WHAT YOU WILL DO:
If a line in the data below holds the word "Women", copy it.

DATA:
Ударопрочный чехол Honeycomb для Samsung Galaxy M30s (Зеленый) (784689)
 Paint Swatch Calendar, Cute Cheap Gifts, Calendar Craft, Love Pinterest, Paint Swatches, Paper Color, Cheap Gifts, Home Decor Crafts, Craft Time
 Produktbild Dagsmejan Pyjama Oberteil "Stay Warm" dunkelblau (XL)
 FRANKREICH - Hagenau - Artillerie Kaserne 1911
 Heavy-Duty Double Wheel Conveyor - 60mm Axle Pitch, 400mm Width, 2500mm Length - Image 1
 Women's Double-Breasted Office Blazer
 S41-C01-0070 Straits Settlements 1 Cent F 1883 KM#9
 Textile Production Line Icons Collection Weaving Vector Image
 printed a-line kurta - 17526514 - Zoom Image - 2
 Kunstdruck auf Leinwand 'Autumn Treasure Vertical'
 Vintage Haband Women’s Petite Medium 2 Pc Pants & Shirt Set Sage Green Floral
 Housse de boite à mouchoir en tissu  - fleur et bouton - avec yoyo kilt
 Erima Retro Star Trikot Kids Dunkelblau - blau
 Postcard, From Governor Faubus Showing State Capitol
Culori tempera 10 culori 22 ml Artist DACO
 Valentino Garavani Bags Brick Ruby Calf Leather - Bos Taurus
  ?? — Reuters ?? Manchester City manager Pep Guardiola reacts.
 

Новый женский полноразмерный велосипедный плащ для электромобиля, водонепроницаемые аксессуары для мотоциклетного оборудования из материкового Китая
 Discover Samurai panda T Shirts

SOLUTION TO THIS EXERCISE:
 Women's Double-Breasted Office Blazer
 Vintage Haband Women’s Petite Medium 2 Pc Pants & Shirt Set Sage Green Floral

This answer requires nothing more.